As publications are generated, it will be good practice to be able to reproduce the exact set of data that were used in analyses for the publications. If the data are to be preserved at an archive (organization), something like an OAIS Submission Information Package SIP (http://public.ccsds.org/publications/archive/650x0b1.pdf) will need to be produced for submission. These activities may involve converting data and metadata from some in-house format to a more generally accessible format for the long term.

The Producer-Archive Interface – Methodology Abstract Standard (PAIMAS) (ISO 20652: 2006) does seem relevant here with four phases (page 11 of Principles and Good Practice for Preserving Data): “These phases make explicit the steps an organization must take when archiving data.”

  • 6.11 Preliminary – Define the information to be archived
  • 6.12 Formal Definition – Develop agreement
  • 6.13 Transfer – Actual transfer of the objects
  • 6.14 Validation – Validate the transferred objects

6.2 ENHANCE METADATA

Metadata from the data collection and analysis phases of the study may be enhanced in multiple ways on an ongoing basis. They may be integrated into some widely searchable system (see, for example, the Wikipedia article “Linked data”). Metadata may also accumulate as data are cited and reused. Having links from the data to reuses and from those reuses to the data will enhance the value of the data. An important issue for enhancing is the connection between scholarly publications and data. These connections may be made by establishing persistent identifiers (e.g., like DOIs) for datasets that can be published later (see 7.5). Another enhancement may be to translate metadata and documentation into other languages to make it understandable for other communities.

6.3 PRESERVE DATA & METADATA

Data preservation requires ongoing activity. Storage media decay or become obsolete, new formats become necessary, metadata accrue with ongoing access and use, and desirable access methods evolve. Most projects have funding for a limited period. In many cases the need for preservation will outlive the original funding. Arrangements for ongoing preservation may need to be made with local institutional repositories or more global archives. These arrangements, made toward the beginning of a project may generate requirements for ingestion activities described in step 6.1 above. Access control policies may also need to be established.

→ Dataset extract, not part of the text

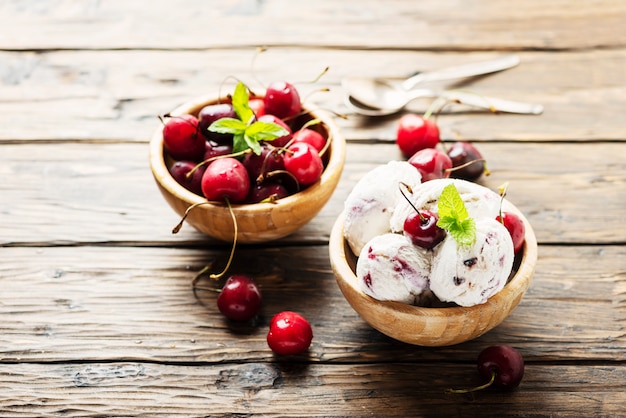 Helado con cereza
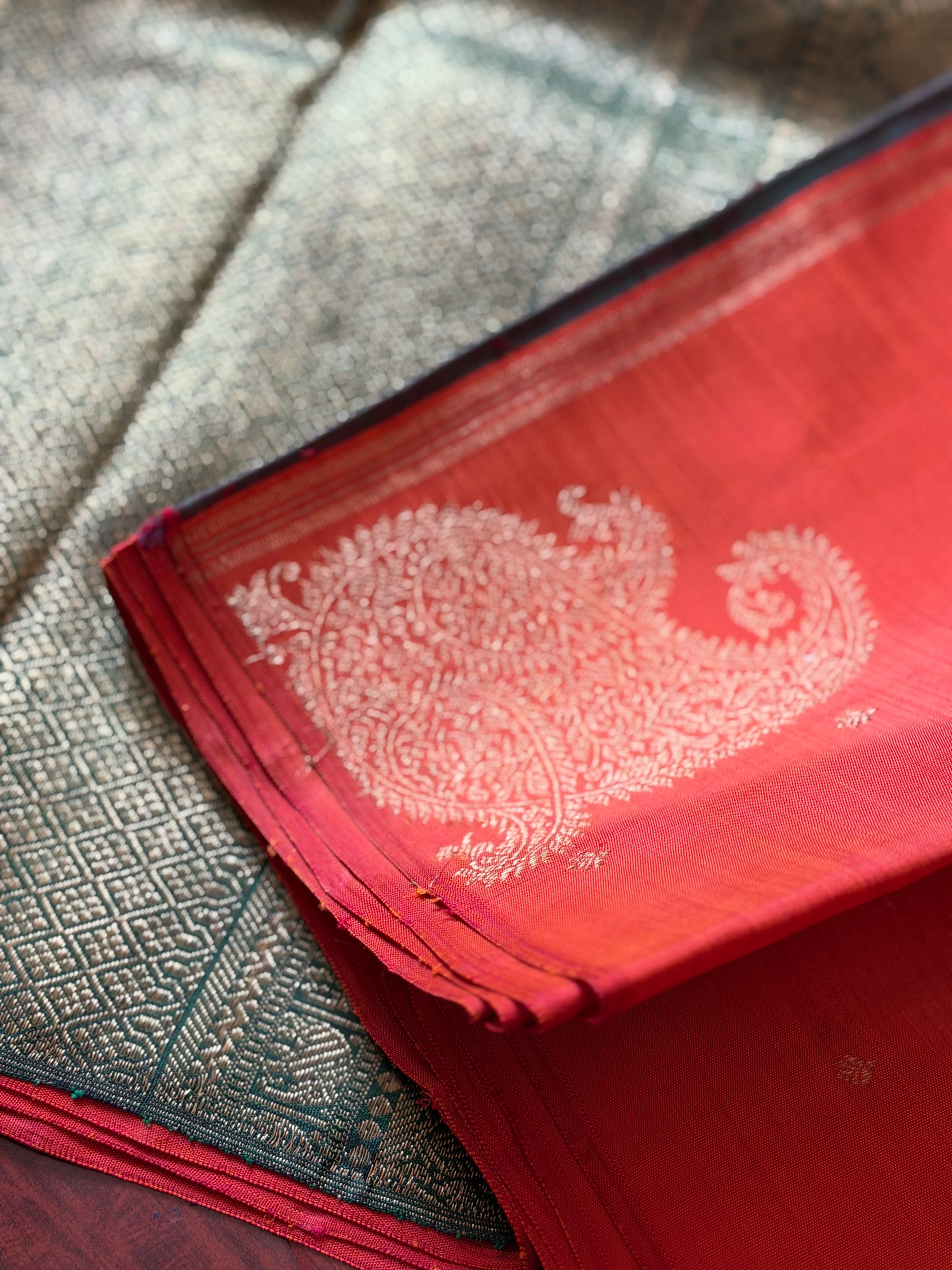 SWARA: Kanjivaram Silk (Rust Orange - boderless)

6.4 UNDERTAKE ONGOING CURATION

Once the data are in an archive additional curation activities may generate metadata which can be recorded as DDI LifeCycleEvents. Data may be migrated to new formats, or replicated to multiple sites. Legal contracts for access to confidential data may be drawn. Assessment of disclosure risk will be an ongoing activity for the life of the data, as other external data and procedures with the potential for allowing disclosure emerge.